*** Entries provided Section Begins ***

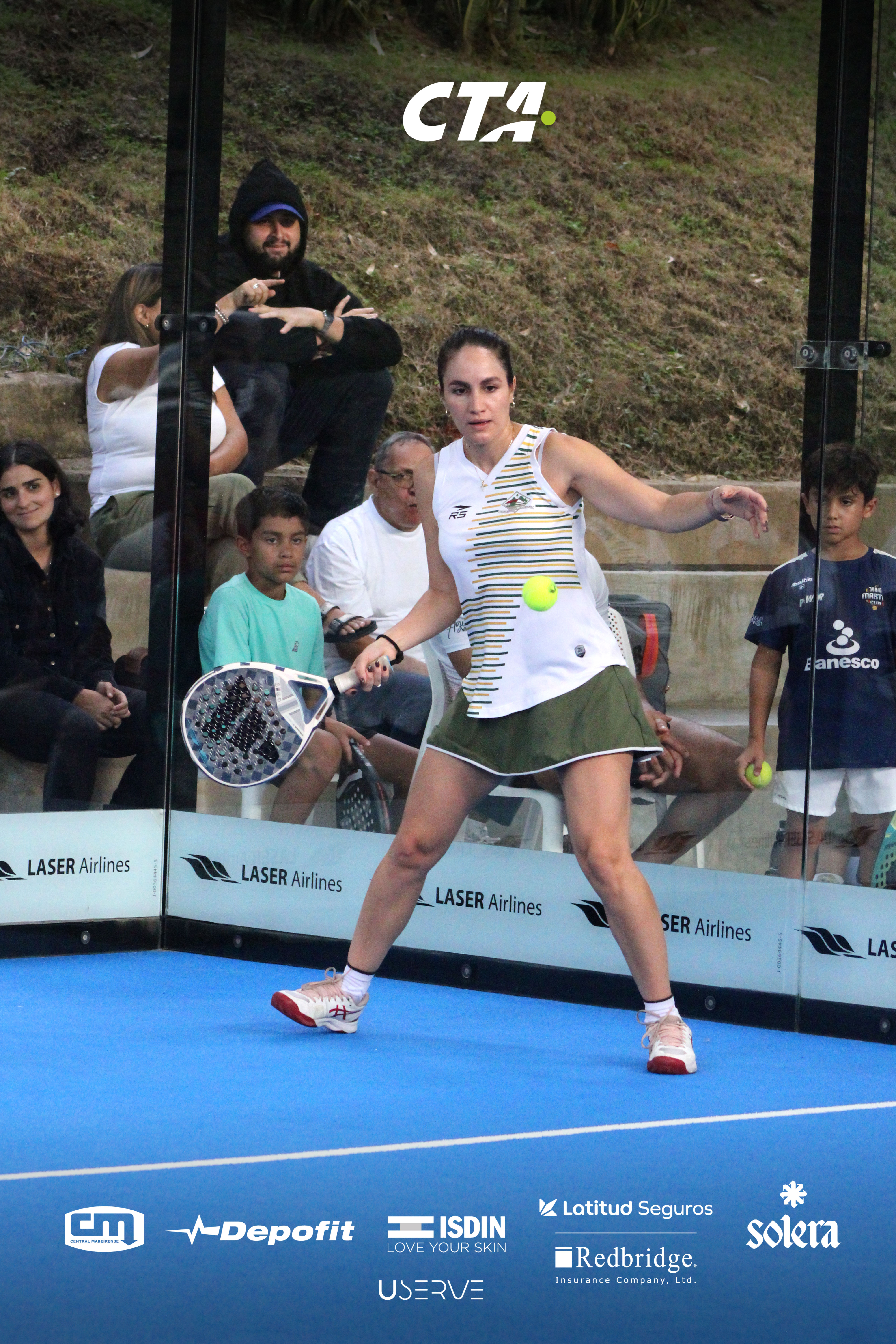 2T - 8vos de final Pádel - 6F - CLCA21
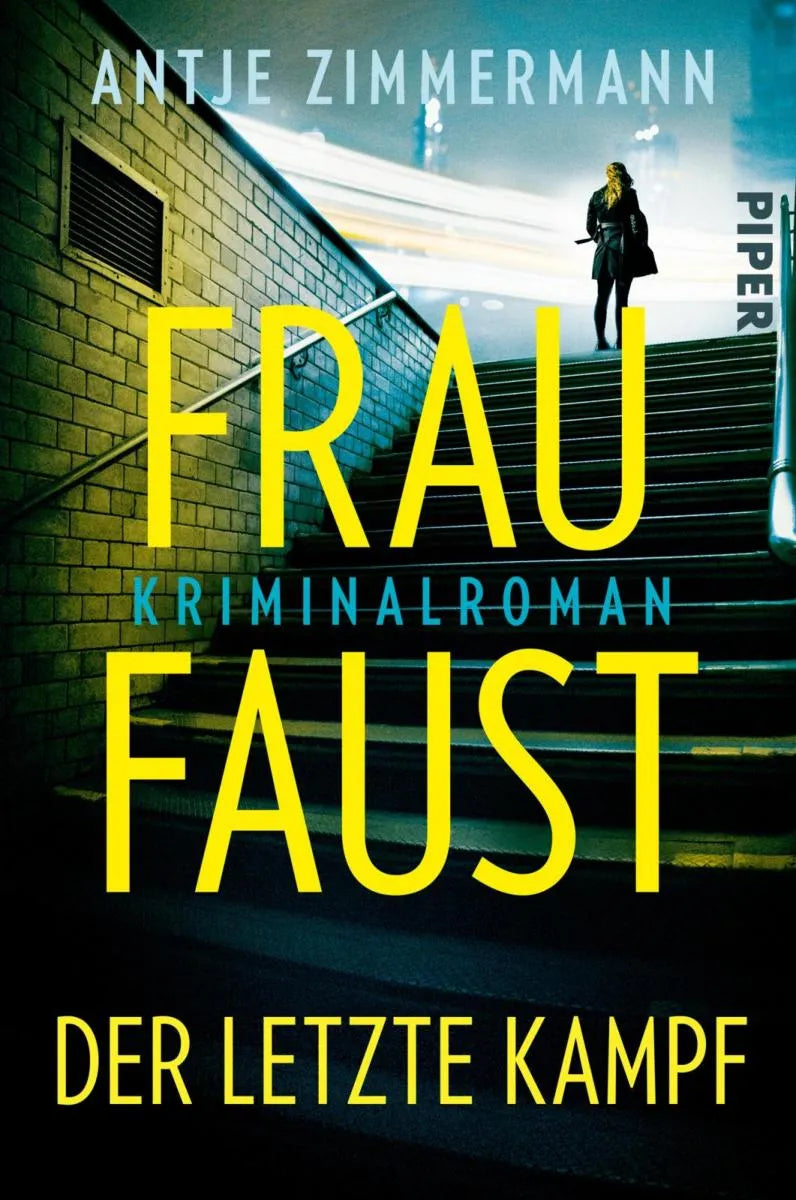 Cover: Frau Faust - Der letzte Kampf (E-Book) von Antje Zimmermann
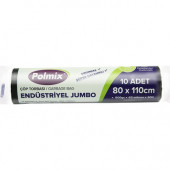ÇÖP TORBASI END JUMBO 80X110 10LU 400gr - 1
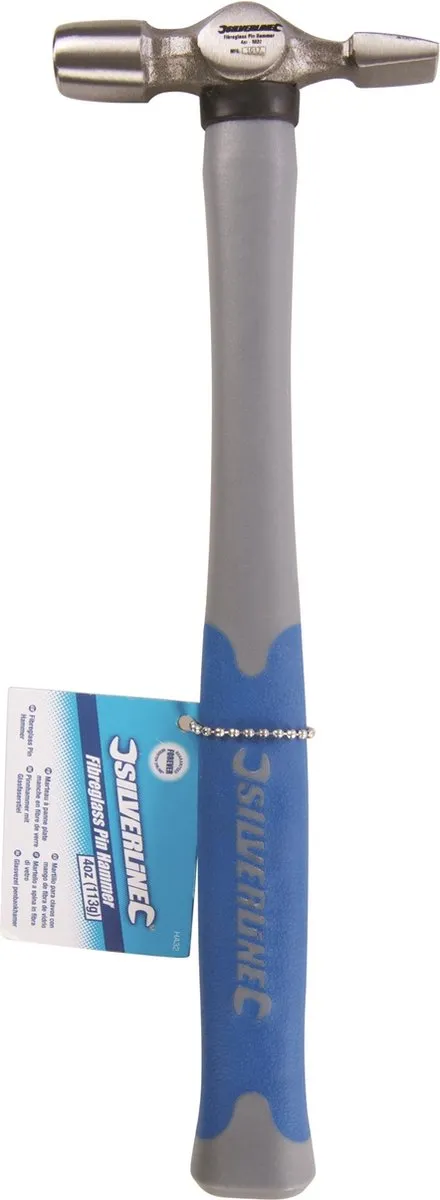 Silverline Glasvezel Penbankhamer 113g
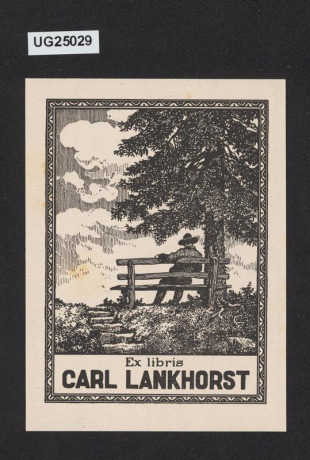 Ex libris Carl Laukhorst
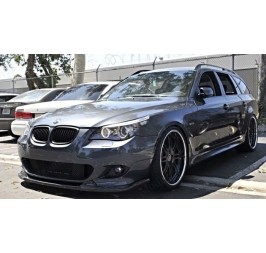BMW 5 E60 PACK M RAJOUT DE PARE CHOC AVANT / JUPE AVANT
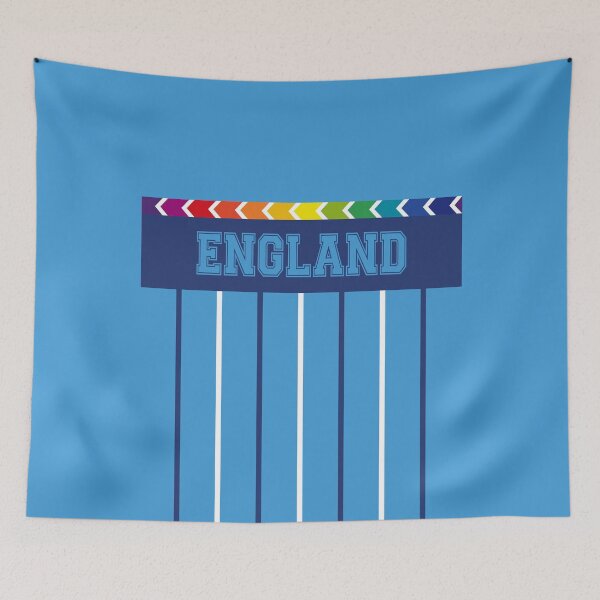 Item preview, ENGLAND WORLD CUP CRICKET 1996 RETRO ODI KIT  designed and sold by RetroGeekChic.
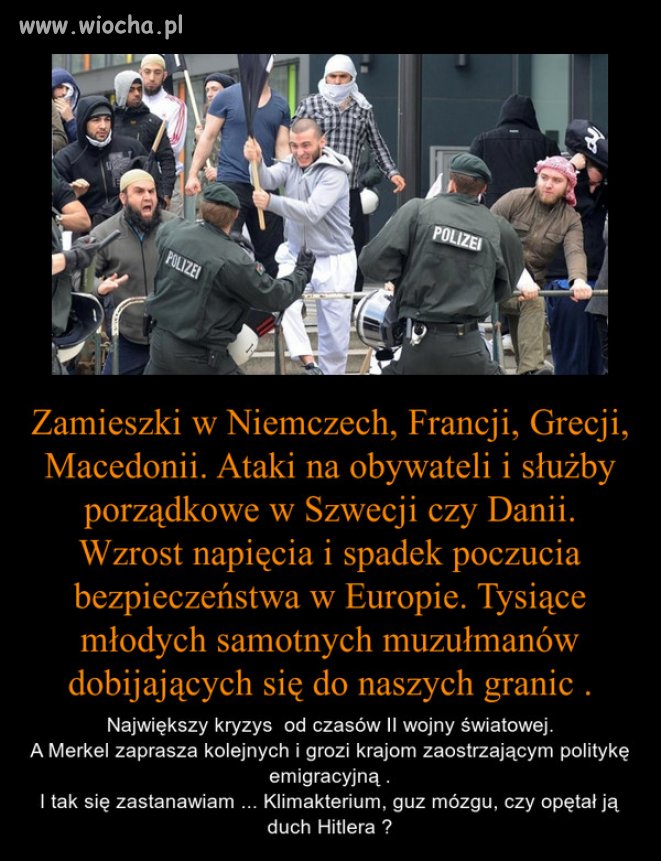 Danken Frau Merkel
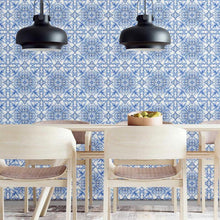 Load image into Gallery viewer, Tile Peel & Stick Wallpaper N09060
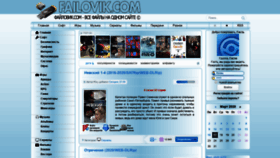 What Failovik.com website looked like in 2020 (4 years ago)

*** Entries provided Section Ends ***

Every line from the one bearing "Danken Frau Merkel" through the end of the data above must be output exactly, and no picture may appear.

■ Result below:
 Danken Frau Merkel
 Load image into Gallery viewer, Tile Peel & Stick Wallpaper N09060
 What Failovik.com website looked like in 2020 (4 years ago)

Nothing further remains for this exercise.